----- Material for this task -----
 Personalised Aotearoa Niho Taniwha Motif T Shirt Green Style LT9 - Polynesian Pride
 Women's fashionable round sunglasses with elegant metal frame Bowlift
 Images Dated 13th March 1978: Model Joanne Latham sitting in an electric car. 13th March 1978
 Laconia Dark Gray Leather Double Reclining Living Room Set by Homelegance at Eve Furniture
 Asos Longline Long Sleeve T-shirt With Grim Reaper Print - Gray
-----
----- Material for this task -----
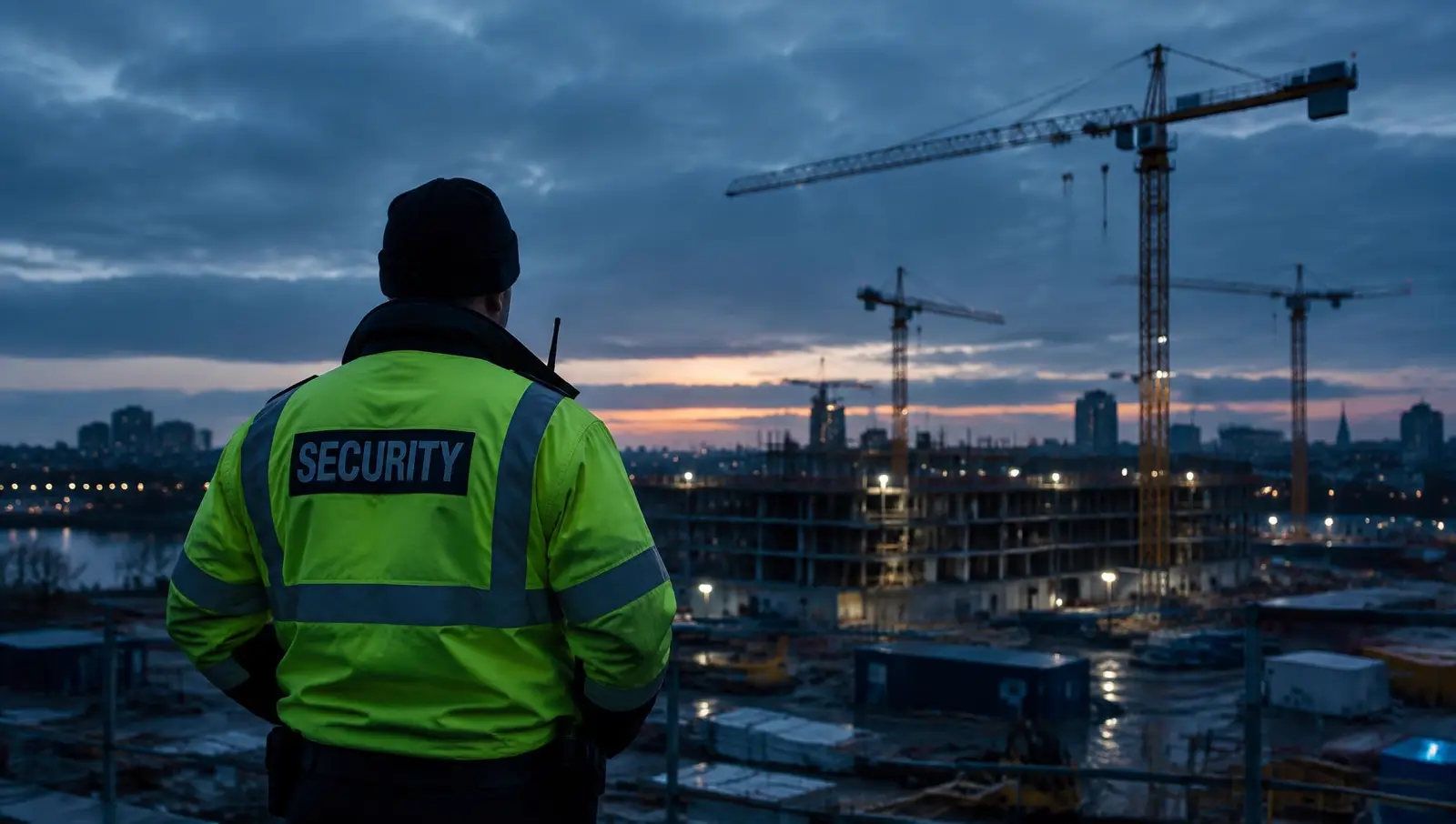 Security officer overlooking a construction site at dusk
-----
----- Material for this task -----
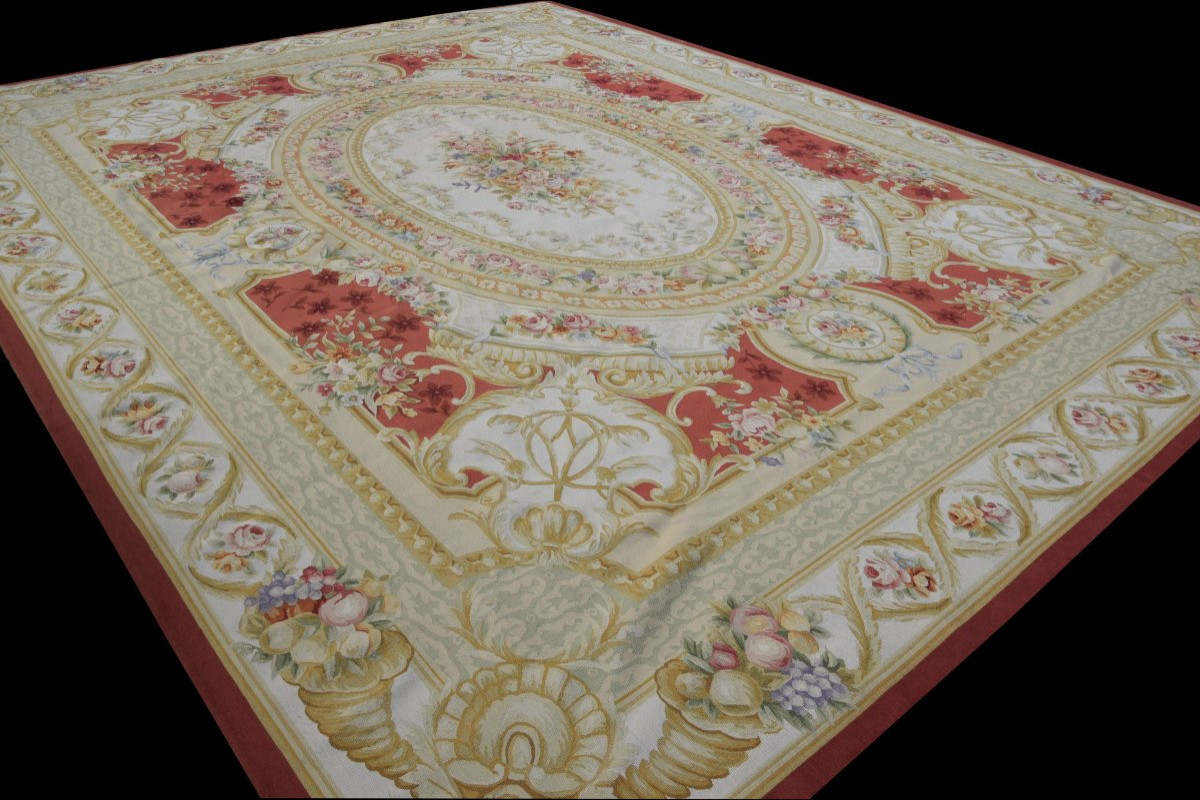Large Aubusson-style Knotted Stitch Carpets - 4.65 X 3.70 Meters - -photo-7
-----
Look in the material above for the line with "Images Dated 13th" and the line with "Asos Longline Long", and transcribe exactly those lines and all lines between them, nothing more.

 Images Dated 13th March 1978: Model Joanne Latham sitting in an electric car. 13th March 1978
 Laconia Dark Gray Leather Double Reclining Living Room Set by Homelegance at Eve Furniture
 Asos Longline Long Sleeve T-shirt With Grim Reaper Print - Gray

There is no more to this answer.